The miscreants huddled together for mutual support. Its guilty members were accused. In response to a wave of persecution, those who had strayed from the flock returned.

The engines whirred with the reduction in speed. The massive war machines slid into position. There was an increase in activity among the multitude on board in preparation for the huge number of people expected and the facilities they would need.

In the colony they were mirrored by a multitude from every land, a multitude grown ragged and thin, a multitude who could neither buy nor sell. A few bought and sold for the ones they loved, who were promptly traced as government agents disloyal to the king and hauled away to prisons swarming with enemies of the state.

A giant vessel appeared in the sky. The voice of the emissary called to them. The ragged multitude cheered. Prison doors fell open. Men, women and children scrambled in the dust to reach the ship. It passed through every land, gently raising the weary head of each believer waiting to receive the emissary’s mark....

The miscreants were left to die, and with them all others who did not believe.
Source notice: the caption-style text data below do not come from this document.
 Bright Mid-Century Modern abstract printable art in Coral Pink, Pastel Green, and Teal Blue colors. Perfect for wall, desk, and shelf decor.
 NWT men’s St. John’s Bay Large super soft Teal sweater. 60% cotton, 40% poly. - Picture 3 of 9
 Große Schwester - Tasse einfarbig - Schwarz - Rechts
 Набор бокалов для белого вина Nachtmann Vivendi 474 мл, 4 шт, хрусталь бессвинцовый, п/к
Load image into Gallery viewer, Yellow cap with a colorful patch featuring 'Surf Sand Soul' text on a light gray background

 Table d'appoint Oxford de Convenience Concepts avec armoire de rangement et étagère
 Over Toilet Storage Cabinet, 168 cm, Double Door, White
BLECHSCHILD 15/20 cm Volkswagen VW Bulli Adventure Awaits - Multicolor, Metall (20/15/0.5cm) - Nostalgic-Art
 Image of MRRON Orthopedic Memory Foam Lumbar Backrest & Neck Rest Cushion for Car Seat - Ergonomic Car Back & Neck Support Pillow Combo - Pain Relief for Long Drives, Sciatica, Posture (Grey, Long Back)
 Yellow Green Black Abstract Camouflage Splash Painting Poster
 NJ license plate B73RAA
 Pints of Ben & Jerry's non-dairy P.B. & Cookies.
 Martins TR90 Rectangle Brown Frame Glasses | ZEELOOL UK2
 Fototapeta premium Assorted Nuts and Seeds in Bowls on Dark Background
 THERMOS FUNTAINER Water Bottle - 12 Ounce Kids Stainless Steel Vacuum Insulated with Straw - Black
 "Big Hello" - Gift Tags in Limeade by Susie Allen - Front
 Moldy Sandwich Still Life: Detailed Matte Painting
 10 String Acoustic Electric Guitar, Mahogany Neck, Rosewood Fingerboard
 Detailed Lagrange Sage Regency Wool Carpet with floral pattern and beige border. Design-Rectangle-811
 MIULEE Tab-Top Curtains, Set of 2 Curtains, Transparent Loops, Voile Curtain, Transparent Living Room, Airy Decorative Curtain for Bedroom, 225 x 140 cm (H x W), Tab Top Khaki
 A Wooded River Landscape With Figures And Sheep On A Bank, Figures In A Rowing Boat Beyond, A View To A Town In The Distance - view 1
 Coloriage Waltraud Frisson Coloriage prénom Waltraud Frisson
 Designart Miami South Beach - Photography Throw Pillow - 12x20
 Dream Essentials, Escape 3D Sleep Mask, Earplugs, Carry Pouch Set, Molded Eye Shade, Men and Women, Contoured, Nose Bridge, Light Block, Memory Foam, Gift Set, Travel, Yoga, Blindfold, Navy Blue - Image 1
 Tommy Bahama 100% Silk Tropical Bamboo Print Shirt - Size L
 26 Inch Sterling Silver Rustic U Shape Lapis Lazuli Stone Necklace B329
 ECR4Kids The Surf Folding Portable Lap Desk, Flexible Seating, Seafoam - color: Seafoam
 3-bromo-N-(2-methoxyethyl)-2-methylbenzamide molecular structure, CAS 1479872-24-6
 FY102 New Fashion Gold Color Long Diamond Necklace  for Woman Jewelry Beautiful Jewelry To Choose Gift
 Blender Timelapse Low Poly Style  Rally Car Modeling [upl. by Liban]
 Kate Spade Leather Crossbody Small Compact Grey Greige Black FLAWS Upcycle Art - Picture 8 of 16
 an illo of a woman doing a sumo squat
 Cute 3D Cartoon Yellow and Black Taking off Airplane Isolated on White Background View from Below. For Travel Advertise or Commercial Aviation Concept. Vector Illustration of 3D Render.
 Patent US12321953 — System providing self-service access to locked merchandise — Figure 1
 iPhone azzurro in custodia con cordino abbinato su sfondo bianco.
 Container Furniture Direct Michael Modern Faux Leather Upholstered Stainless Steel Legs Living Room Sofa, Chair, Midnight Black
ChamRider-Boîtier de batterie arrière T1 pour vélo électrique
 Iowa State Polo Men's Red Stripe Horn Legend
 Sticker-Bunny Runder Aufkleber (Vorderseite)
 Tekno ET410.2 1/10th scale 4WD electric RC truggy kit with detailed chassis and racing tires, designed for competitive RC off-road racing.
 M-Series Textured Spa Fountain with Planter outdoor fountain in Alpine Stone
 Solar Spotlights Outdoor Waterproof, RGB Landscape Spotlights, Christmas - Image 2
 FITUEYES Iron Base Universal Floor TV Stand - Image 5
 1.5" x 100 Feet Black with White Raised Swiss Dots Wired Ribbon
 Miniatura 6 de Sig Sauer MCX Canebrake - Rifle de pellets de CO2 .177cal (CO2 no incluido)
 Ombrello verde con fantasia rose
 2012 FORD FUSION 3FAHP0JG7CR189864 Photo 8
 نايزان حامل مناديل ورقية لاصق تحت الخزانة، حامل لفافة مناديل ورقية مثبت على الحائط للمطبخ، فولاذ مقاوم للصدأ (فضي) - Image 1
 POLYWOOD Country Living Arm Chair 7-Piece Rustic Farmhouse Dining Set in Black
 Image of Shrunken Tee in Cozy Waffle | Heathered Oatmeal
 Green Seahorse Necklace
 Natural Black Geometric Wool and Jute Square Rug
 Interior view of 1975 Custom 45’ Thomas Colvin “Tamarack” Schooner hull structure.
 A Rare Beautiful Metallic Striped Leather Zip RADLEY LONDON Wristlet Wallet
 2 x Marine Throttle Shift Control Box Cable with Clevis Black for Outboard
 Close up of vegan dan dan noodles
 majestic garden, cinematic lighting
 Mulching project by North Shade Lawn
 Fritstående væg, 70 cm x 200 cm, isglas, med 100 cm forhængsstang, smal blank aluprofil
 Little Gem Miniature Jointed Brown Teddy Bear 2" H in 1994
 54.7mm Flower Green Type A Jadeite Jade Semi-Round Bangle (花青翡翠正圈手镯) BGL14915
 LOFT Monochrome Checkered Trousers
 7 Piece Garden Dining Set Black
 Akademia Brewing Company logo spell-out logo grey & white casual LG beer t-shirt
The armies gathered. From far and near, in hordes they descended upon these enemies of the state, to fight the government which they had supported and the giant battle station it was launching.

Men, women and children slid away into the shadows, into caves, into forests. The prison doors were barred, and behind them masses huddled in confusion.

The miscreants built walls with every material they could find as rebel forces surrounded them, intent upon defeating the government once and for all. Behind the walls, the last agents of the emissary began their work.

A giant ship hovered overhead, waiting. It was the first to go.

The holdouts heard about the battle. How clever they had been. He had not fooled them. The warship opened its doors and the slaves poured inside.